The New York Times recently had a front page story supposedly telling all about the GMO based USA is doing badly with herbicide and synthetic pesticide use in farming as compared to non-GMO France.
A key feature was claims about percentage changes in synthetic pesticide use in farms.
US professor A. Kniss' graphs (just republished at Mother Jones) show how The Times' version of those claims looks in a visual format.
|How to mislead — judicious use of starting point, country and percentage values|
The graphs, at face value put US Agriculture in a bad position as it seems French usage it getting better while USA is getting worse, in terms of potential environmental impact of synthetic chemicals.
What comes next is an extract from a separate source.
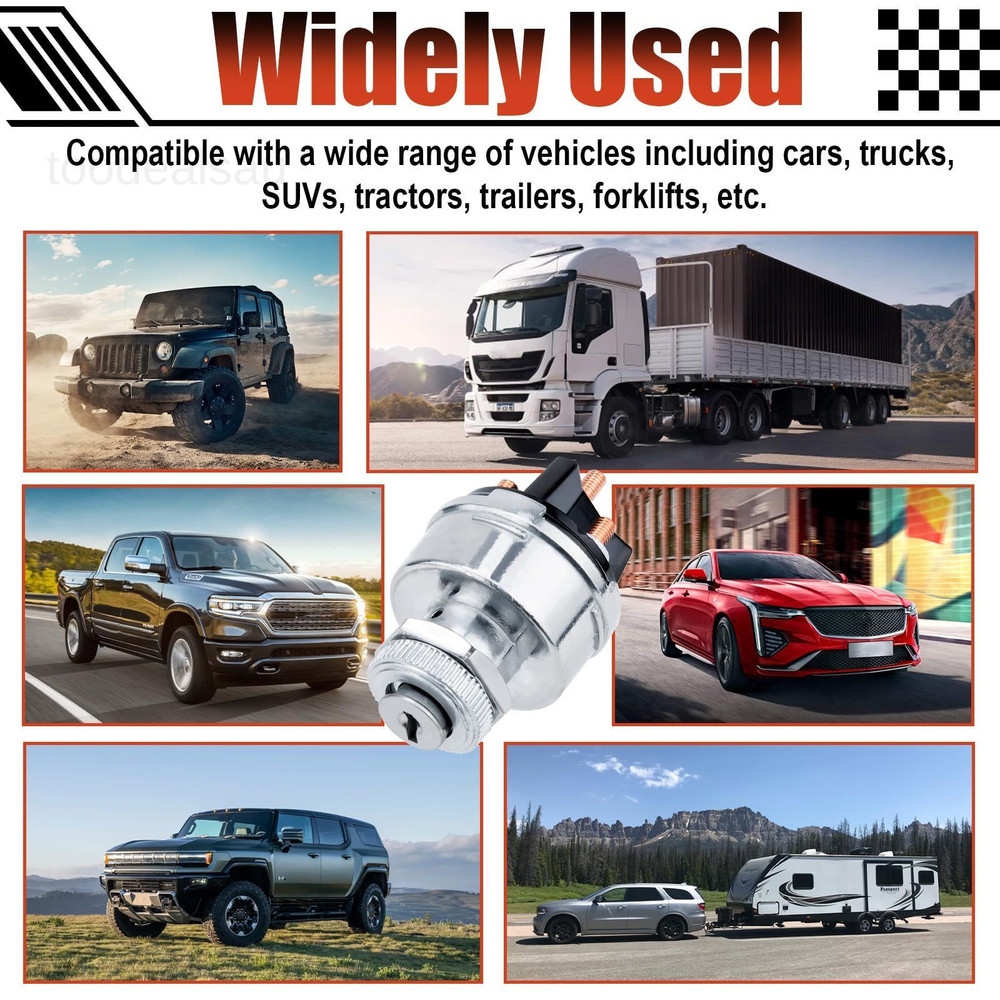 Ignition Switch with Key, Universal Ignition Key Switch, 12V 4 Position Starter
But when the data are plotted on a fair basis by showing of abolute amount used per area of land, something the NYT failed to show, a different story emerges:
|Fairer ways of making inter-country comparisons — how much stuff per acre?|
In this graphical presentation, non-GMO France is only recently catching up with the better performing GMO crop using USA. But that aspect of the numbers didn't match the Times' forced narrative.
(Follow the links back to see other ways NYT got this major story wrong.)
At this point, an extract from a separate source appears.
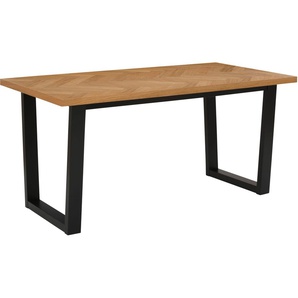 Esstisch HOME AFFAIRE Marne Tische Gr. B/H/T: 140 cm x 72,5 cm x 90 cm, beige (naturfarben, schwarz) Esstisch Rechteckige Esstische rechteckig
The original NYT front-pager that started this pesticide usage discussion also got involved in discussions about crop yield improvement. These discussions also missed their target.
It's worth noting that criticisms of GM technology's lack of contribution to yield improvement have been going on for several years. See an earlier GMO Pundit post on crop yield here:
The Pundit thus finds it easy to guess where The Times got the missing yield benefit part of their story line from.